回到家,放下书包就抢着干活,扫地、拾柴、喂鸡,小手忙个不停。干完活,就一声不吭地趴在冰凉的炕沿上,摊开书本写字念书。那用别人扔掉的烟盒纸订成的本子,被他写得密密麻麻。
苦妹每天累得骨头缝都疼,可只要一抬眼,看见希望那趴在炕沿上、微微晃动着小脑袋读书写字的背影,听见他那稚嫩却认真的读书声,就觉得压在心口那块冰凉的巨石,好像被撬开了一丝缝隙,透进一点微弱的暖意。
真正的慰藉,是希望把第一张打着红勾、画着红星的默写纸递到她手里的时候。
那天,苦妹刚从外面回来,肩膀上还沾着泥灰,浑身像是散了架,连话都没力气说。希望却像只撒欢的小狗,蹦跳着冲到她面前,小手高高举着一张纸,脸蛋兴奋得红扑扑的。
“娘!娘!你快看!我全写对了!”
苦妹弯下累得快直不起的腰,眯着昏花的眼睛,凑近了看。粗糙的土纸上,是希望一笔一划写的生字,每个字旁边都打着鲜红的对勾,最上面,还用红笔画了一颗歪歪扭扭、却红得耀眼的小星星。
“刘老师夸我啦!说我是‘识字小能手’!还给我画了星星!”希望的声音又清又亮,眼睛里闪着光,那是一种纯粹的、因为被肯定而绽放的快乐。
苦妹一下子呆住了。
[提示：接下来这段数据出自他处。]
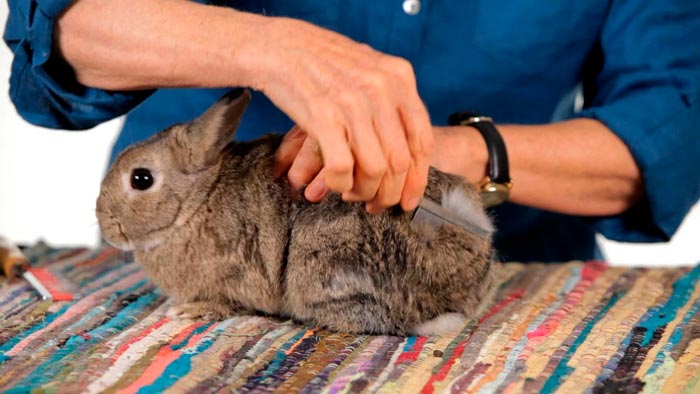 Лисий кролик — як лікувати, чому випадає шерсть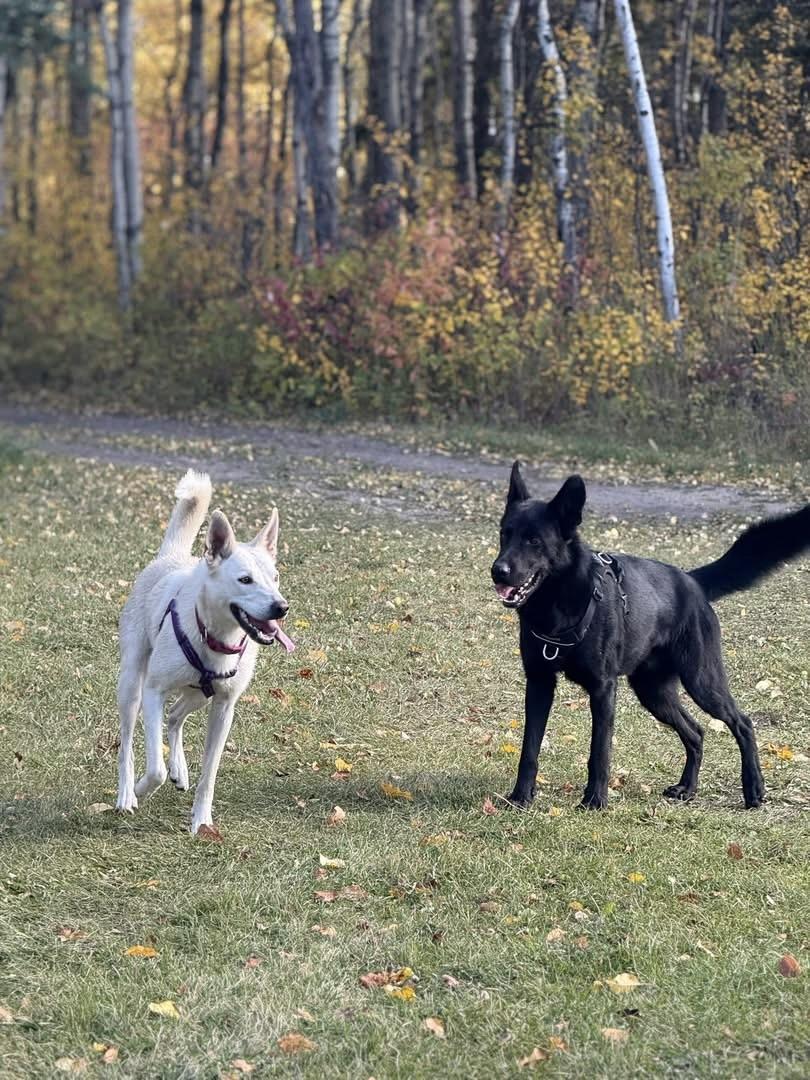 Spirit, an adoptable Shepherd in Meadow Lake, SK, S9X 1Y7 | Photo Image 3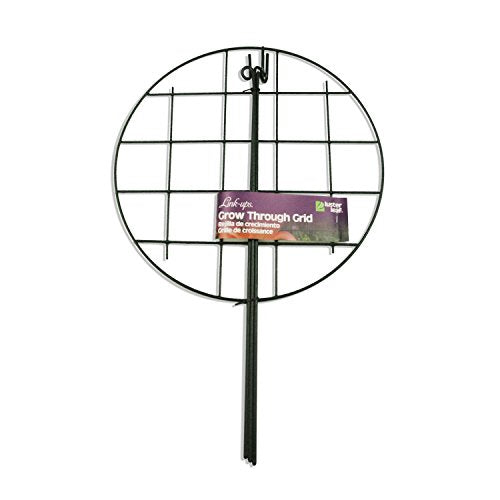 16” Grow Through Grid w/ 24” legs - style: 16” Grid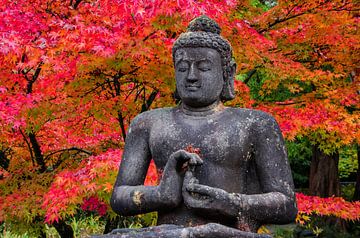Boeddah in de herfst van Tanja de Boer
她伸出那双因为长期浸泡冷水和磨损而粗糙变形、布满冻疮和老茧的手,像接过什么易碎的宝贝,小心翼翼地捧过那张纸。
她的手指有些控制不住地颤抖,轻轻拂过那些红勾,拂过那颗小红星,拂过儿子工整的字迹。那粗糙的皮肤摩擦着纸张,发出细微的沙沙声。
一股滚烫的热流毫无预兆地从心底最深处猛地涌起,直冲她的眼眶。鼻子一酸,眼泪完全不受控制地,大颗大颗地滚落下来,砸在纸上,发出“噗嗒、噗嗒”的轻响。
“好……写得好……娘的希望……真给你娘争气……”她哽咽着,声音抖得厉害,想对儿子笑一笑,可嘴角刚扯动,更多的眼泪就涌了出来。
她一把将希望紧紧搂进怀里,用尽全身的力气抱着。